------ Provided information

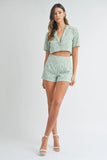 Eyelet Short Sleeve Crop Top and Shorts Set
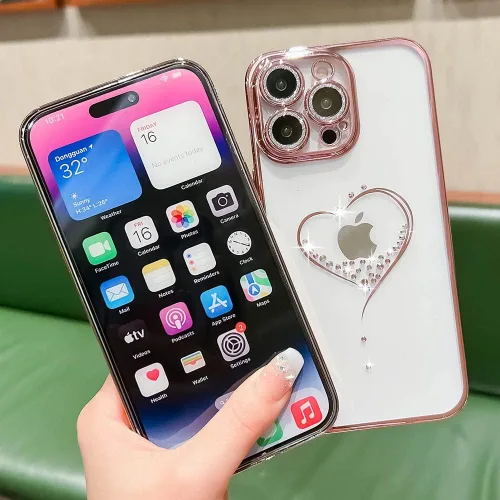 Vista 5 de Bling Glitter Heart compatible con iPhone 13 Pro de 6.1 pulgadas, bonito protector de cámara completo brillante para mujer, funda de teléfono Oro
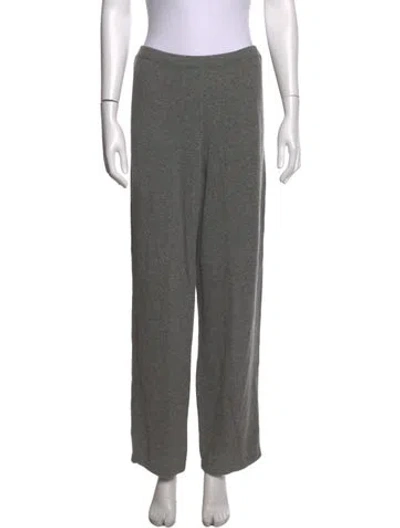 Pre-owned Neiman Marcus Cashmere Wide Leg Pants In Grey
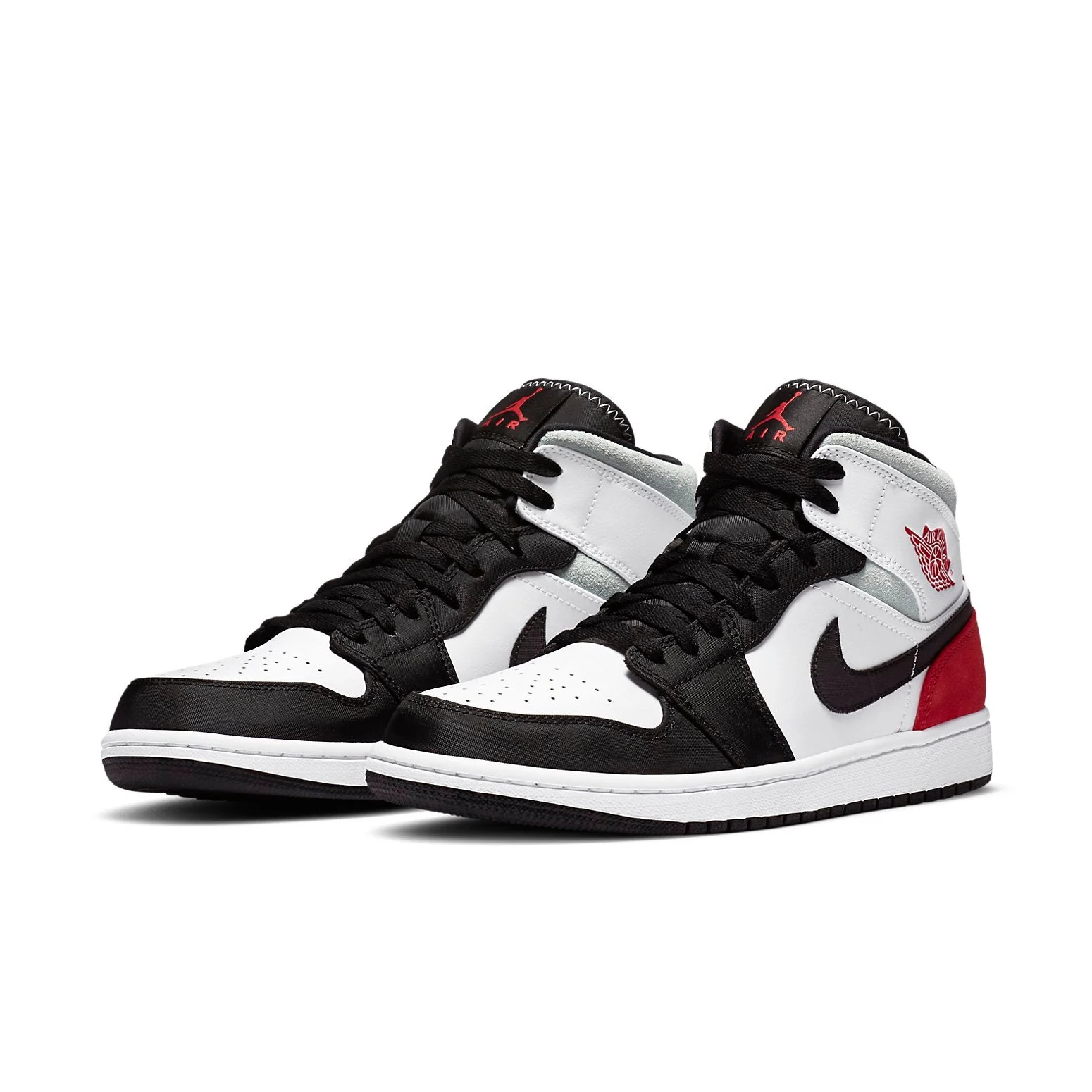 Alternative view of Air Jordan 1 Mid SE ‘Red Black Toe’ 852542-100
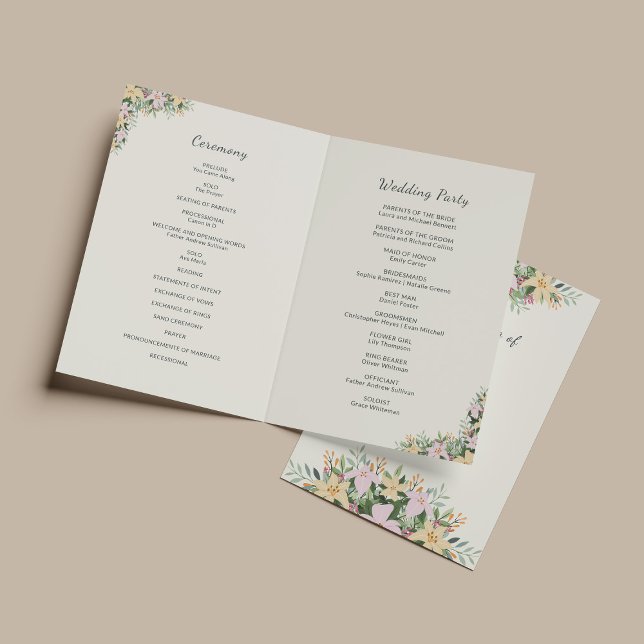 Programa de boda botánico (Subido por el creador)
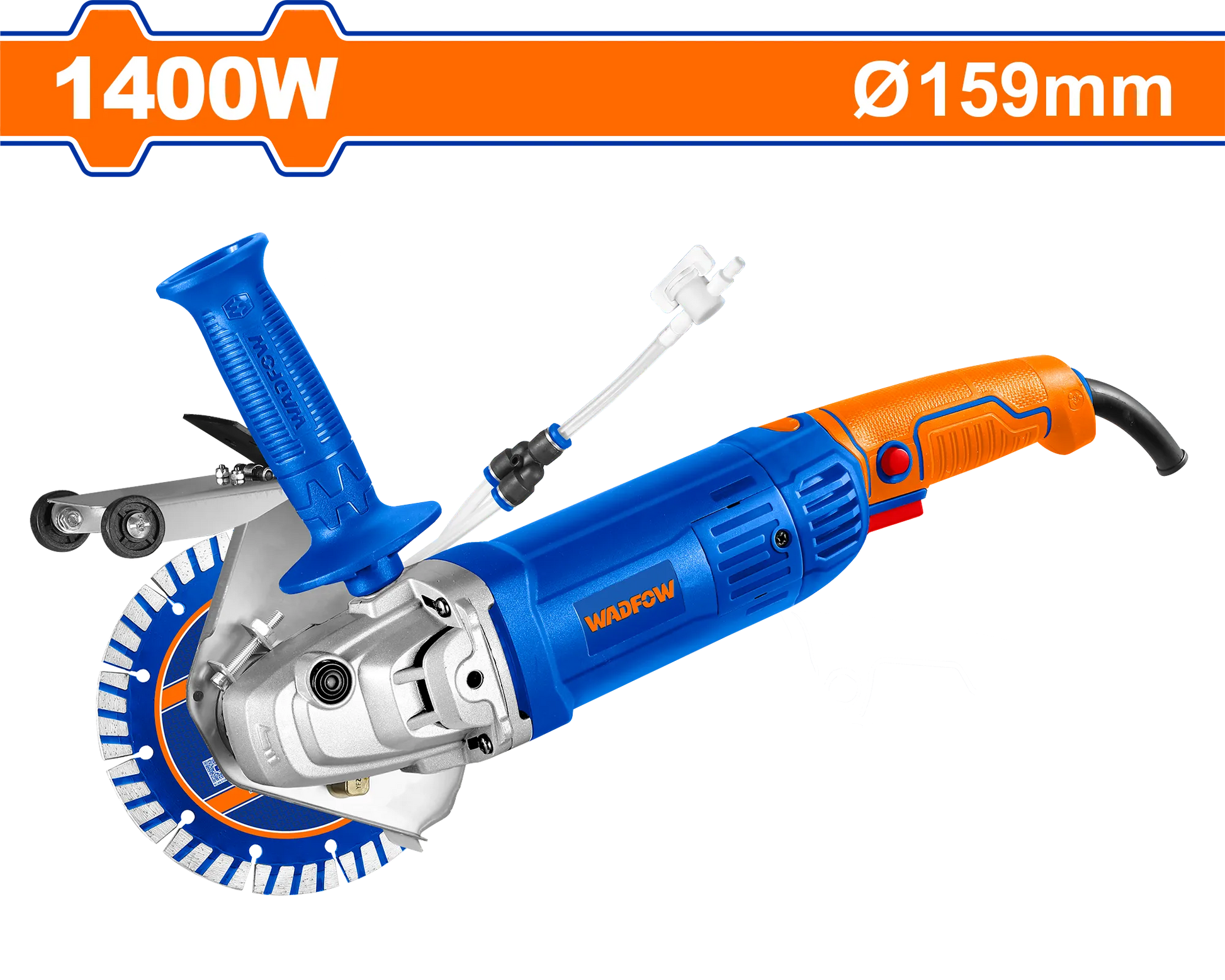 Rainureuse à Béton WADFOW WWAL151401 — 1400W 8900tr/min Disque 159mm Coupe 44mm Kit Complet Chantier | SQES Tunisie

------------

**What needs to be done:**
Would you give again, exactly as written, the lines from the one containing "Programa de boda" through the end of the records, with no pictures and no other lines?

**Task output:**
 Programa de boda botánico (Subido por el creador)
 Rainureuse à Béton WADFOW WWAL151401 — 1400W 8900tr/min Disque 159mm Coupe 44mm Kit Complet Chantier | SQES Tunisie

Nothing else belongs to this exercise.